Institute Leadership
Director, Executive Committee, and list of Research Associates.Waterloo Institute for Hellenistic Studies (WIHS)
University of Waterloo
200 University Avenue West
Waterloo, Ontario Canada
N2L 3G1
Dr. Altay Coşkun
Director, Waterloo Institute for Hellenistic Studies
Professor of Classical Studies, University of Waterloo
Dr. Altay Coşkun is an internationally recognized historian of the ancient Mediterranean, specializing in Hellenistic kingdoms, Roman imperialism, and intercultural relations. His research examines political constitutions, diplomacy, citizenship, and the status of migrants and subjects across empires, with particular focus on the Seleucid Empire, the Maccabees, the Galatians, and the Black Sea world.
As Director of the Waterloo Institute for Hellenistic Studies, Dr. Coşkun leads a global network of scholars engaged in collaborative and interdisciplinary research. Since 2011, he has directed the Seleucid Study Group, organizing international workshops and conferences across Europe and North America. His work emphasizes comparative perspectives, long-term historical processes, and the dynamics of cultural exchange across imperial systems.

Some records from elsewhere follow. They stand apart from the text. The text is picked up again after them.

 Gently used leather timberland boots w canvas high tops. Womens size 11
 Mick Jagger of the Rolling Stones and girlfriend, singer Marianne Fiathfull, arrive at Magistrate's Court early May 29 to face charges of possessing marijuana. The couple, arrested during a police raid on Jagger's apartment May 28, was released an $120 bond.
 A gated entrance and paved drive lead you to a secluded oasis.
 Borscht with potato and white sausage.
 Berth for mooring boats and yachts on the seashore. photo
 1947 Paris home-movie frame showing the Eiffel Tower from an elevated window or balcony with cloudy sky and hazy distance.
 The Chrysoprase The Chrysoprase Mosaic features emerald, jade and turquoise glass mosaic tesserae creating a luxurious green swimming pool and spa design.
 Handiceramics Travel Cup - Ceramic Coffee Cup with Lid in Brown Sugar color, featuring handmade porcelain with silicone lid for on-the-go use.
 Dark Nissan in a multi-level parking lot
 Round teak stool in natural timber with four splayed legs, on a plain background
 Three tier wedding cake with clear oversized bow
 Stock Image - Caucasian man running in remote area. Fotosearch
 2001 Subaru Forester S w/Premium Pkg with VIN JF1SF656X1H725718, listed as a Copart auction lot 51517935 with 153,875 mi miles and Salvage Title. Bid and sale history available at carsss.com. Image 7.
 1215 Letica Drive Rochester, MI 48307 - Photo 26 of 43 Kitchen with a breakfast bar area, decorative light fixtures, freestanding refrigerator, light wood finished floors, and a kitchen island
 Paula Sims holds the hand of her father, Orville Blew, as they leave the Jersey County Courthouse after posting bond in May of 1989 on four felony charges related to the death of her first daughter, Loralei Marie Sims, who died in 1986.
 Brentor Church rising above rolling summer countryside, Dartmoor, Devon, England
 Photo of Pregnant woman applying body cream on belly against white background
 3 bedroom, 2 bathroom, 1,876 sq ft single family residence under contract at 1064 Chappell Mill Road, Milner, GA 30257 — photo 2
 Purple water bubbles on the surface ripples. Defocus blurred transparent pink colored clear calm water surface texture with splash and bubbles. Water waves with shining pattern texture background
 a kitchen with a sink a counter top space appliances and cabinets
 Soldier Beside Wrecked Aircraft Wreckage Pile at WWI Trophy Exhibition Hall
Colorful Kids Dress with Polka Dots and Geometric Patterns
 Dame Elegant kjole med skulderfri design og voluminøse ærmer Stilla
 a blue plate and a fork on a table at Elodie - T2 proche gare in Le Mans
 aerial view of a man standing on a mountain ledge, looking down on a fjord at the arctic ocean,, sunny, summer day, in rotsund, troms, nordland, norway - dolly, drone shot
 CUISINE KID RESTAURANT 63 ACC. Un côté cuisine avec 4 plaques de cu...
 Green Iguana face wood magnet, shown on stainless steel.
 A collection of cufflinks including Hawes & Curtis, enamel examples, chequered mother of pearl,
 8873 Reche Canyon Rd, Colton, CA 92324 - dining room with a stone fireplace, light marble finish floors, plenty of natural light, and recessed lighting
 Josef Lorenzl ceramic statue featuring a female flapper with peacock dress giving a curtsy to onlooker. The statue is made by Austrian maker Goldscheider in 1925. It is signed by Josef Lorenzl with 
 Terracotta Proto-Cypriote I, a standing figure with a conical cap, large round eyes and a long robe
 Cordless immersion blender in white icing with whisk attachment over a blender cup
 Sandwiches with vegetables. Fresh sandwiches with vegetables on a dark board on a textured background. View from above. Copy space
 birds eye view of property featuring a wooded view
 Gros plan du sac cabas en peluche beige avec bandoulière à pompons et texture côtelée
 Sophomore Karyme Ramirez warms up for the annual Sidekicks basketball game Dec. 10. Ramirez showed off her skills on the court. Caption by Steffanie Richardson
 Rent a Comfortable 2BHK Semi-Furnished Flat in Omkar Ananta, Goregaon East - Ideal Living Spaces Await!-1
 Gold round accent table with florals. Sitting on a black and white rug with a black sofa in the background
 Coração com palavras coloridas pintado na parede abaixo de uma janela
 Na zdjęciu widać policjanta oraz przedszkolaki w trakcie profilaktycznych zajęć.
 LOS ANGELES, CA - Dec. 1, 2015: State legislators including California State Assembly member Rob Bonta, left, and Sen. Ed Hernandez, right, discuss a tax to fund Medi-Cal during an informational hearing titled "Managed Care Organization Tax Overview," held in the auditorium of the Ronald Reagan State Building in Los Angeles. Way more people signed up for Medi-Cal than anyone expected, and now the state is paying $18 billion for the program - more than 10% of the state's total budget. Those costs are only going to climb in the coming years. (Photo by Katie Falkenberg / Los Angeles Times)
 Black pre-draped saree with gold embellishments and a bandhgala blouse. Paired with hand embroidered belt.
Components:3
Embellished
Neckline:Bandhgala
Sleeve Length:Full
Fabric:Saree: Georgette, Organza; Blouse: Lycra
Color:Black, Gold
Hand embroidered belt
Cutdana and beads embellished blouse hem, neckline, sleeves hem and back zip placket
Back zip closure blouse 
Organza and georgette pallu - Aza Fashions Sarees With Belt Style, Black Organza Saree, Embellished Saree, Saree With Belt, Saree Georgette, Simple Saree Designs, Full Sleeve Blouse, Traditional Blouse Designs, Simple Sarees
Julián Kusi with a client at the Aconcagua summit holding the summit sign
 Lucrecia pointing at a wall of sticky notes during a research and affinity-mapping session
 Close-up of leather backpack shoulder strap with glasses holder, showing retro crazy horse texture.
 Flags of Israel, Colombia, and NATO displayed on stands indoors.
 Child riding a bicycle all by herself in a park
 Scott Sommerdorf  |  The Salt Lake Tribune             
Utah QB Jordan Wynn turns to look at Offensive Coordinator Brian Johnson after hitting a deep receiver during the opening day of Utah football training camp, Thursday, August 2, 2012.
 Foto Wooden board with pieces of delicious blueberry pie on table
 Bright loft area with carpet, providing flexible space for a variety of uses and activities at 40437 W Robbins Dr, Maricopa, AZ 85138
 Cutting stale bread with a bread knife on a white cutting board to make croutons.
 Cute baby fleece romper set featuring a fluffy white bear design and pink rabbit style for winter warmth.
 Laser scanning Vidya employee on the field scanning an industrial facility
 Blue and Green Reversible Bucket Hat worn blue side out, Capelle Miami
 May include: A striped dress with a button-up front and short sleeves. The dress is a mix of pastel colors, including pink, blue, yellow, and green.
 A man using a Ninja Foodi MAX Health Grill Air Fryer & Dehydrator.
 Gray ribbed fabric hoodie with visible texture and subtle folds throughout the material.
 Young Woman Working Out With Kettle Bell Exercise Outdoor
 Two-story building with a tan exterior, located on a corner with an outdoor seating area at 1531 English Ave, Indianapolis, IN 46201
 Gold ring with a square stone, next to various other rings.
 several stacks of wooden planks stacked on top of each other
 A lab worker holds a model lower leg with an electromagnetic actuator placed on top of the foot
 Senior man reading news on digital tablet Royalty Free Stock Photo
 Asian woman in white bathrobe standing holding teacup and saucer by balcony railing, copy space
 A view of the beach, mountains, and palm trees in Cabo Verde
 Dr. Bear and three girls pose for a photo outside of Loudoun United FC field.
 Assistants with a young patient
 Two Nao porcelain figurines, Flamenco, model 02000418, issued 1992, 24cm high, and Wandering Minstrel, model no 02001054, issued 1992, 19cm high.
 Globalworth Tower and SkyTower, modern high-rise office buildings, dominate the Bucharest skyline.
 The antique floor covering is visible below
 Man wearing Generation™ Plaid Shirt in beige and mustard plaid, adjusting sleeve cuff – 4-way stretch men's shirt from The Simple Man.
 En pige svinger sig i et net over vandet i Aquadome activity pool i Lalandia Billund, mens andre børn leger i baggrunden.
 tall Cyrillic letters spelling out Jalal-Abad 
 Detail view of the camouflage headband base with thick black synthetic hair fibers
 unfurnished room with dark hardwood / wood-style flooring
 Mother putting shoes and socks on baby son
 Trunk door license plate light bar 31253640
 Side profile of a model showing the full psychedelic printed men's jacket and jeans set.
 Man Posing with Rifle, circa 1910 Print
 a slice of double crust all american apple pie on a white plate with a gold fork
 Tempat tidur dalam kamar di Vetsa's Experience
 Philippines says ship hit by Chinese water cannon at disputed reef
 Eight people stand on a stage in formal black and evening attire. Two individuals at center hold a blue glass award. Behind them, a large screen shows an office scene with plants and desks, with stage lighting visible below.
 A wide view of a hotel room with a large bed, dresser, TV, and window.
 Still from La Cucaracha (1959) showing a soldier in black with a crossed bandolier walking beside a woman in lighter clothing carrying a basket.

Dr. Coşkun’s scholarship is deeply embedded in international cooperation and has resulted in major collaborative initiatives, including research on Roman diplomacy, the Bosporan Kingdom, and the history of ancient Judaea. He is also actively involved in academic publishing, editorial work, and peer review for international funding agencies and presses.
Research areas: Hellenistic kingdoms (Seleucids, Attalids, Mithradatids); Roman imperialism and diplomacy; citizenship and migration; ancient historiography; Black Sea studies
Email: acoskun@uwaterloo.ca
Office: ML 228, University of Waterloo
Website: www.altaycoskun.com
Dr. Eva Anagnostou-Laoutides
Executive Committee, Waterloo Institute for Hellenistic Studies
Associate Professor, School of Humanities, Macquarie University
Dr. Eva Anagnostou-Laoutides is an internationally active scholar of the ancient Mediterranean whose research focuses on political authority, dynastic legitimacy, and ruler representation from the Hellenistic period through Late Antiquity. Her work explores how power, gender, and ideology were articulated in literary, philosophical, and visual sources across Greek, Roman, and early Christian contexts.
Her research places particular emphasis on kingship, imperial discourse, and the cultural mechanisms through which authority was negotiated, contested, and remembered. She has led and contributed to major international research projects on Seleukid and Ptolemaic royal imagery, leadership crises in the Eastern Roman Empire, and gender and embodiment in ancient philosophy and early Christianity.
Dr. Anagnostou-Laoutides’ scholarship is deeply interdisciplinary and collaborative. She has published extensively in peer-reviewed journals and edited volumes and is the author of the forthcoming monograph From Vergil to the Bible: Leadership and Literature under Constantine (Liverpool University Press). Through her research and international partnerships, she contributes to broader conversations on political culture, representation, and cultural continuity across the ancient Mediterranean.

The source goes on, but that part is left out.